By recycling at home, we can make a direct impact in the fight against plastic waste. Here’s what to know before you get started.

Recycling guidelines are specific to a location. Be sure to read up on what you can and cannot recycle in your city.

Regardless of where you are, clean your recyclables. Before you drop something in a bin, it needs to be rinsed well of food, liquid, cleaner, etc. Believe it or not, you can contaminate an entire load of recyclables with one dirty item. When that happens, it all ends up (*drum roll*) in a landfill. Gross.

Break down and flatten your boxes to prepare them for their next life. Cardboard is easiest to recycle when it’s compacted.

Also, check your plastic! If it’s labeled with a number 1 through 7, it’s recyclable.
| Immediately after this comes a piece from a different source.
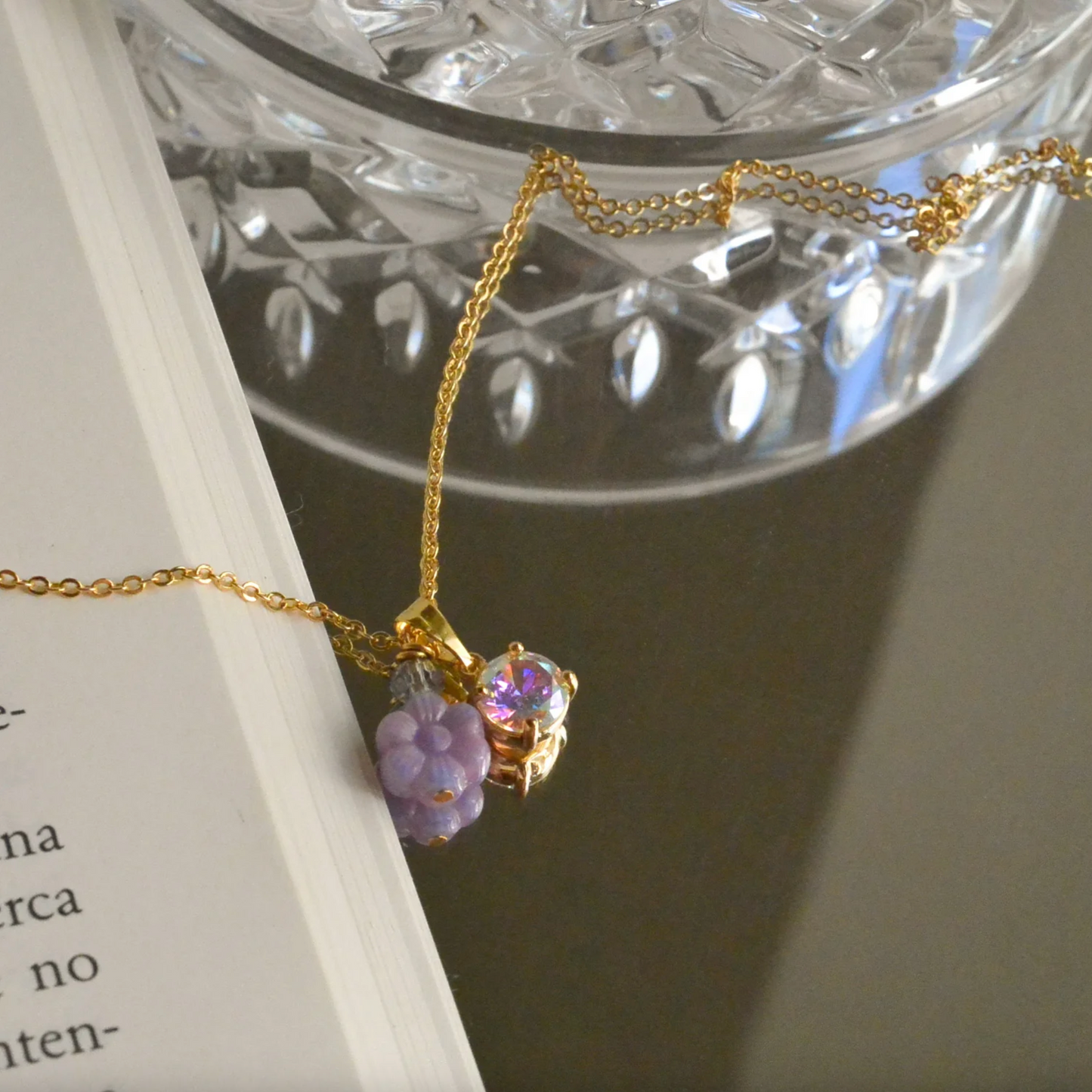 COLLAR - Glimmering, Maggie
You cannot recycle styrofoam or straws because they’re too lightweight to make it through the process. Yes, it’s unfortunate (and counterintuitive), but there are some things we simply cannot control.
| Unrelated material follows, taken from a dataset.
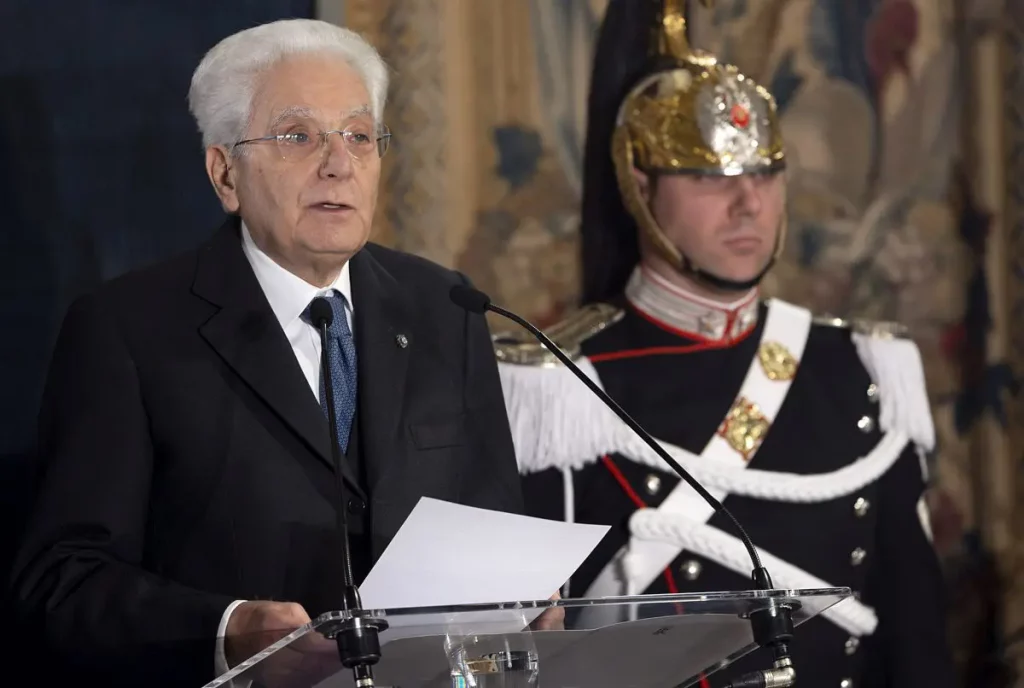 Mattarella: “La democrazia va amata e presa cura di”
It’s important to note glass is a “hit or miss.” Again, make sure you’re in the loop on what’s yay or nay for recycling; your city might not offer or be able to afford it for glass.

The moral of the story so far: don’t treat your recycling like garbage. If you can use a faucet and count to 7, you can recycle like a boss.

Thrifting and repurposing is a creative and practical way to make the most of your wardrobe,

but clothes aren’t the only thing you can upcycle.

Try reusing glass and plastic containers for storage, or cut old T-shirts to make washable rags. You can even wrap gifts with old newspapers, magazines, or coupons.

In case you haven’t noticed, upcycling costs zero money. We’re saving dollars, here, not just the environment!

Reducing your waste is arguably the hardest part of a sustainable lifestyle change. It means unlearning old behaviors and shifting your mindset.

Again, it’s breaking those habits you’re born into. Say it with me: paper, not plastic. Plastic is the enemy and it never dies. Invest in your own sturdy, reusable grocery bags instead.

Get yourself a nice thermal water bottle or travel coffee mug. Use a metal or silicone straw. Upgrade to biodegradable sponges and loofahs—ditch the plastic mesh. Better yet, use a washcloth and sugar scrub to exfoliate.

Oh (hear me out on this), use compost. It’s low maintenance, cheap, and can be made year-round, inside or out. It cuts back on food waste and you can use it on anything green that grows.

Plant People

Speaking of compost, you know what else is in fashion? Plants. They’re decorative and functional—the best of both worlds.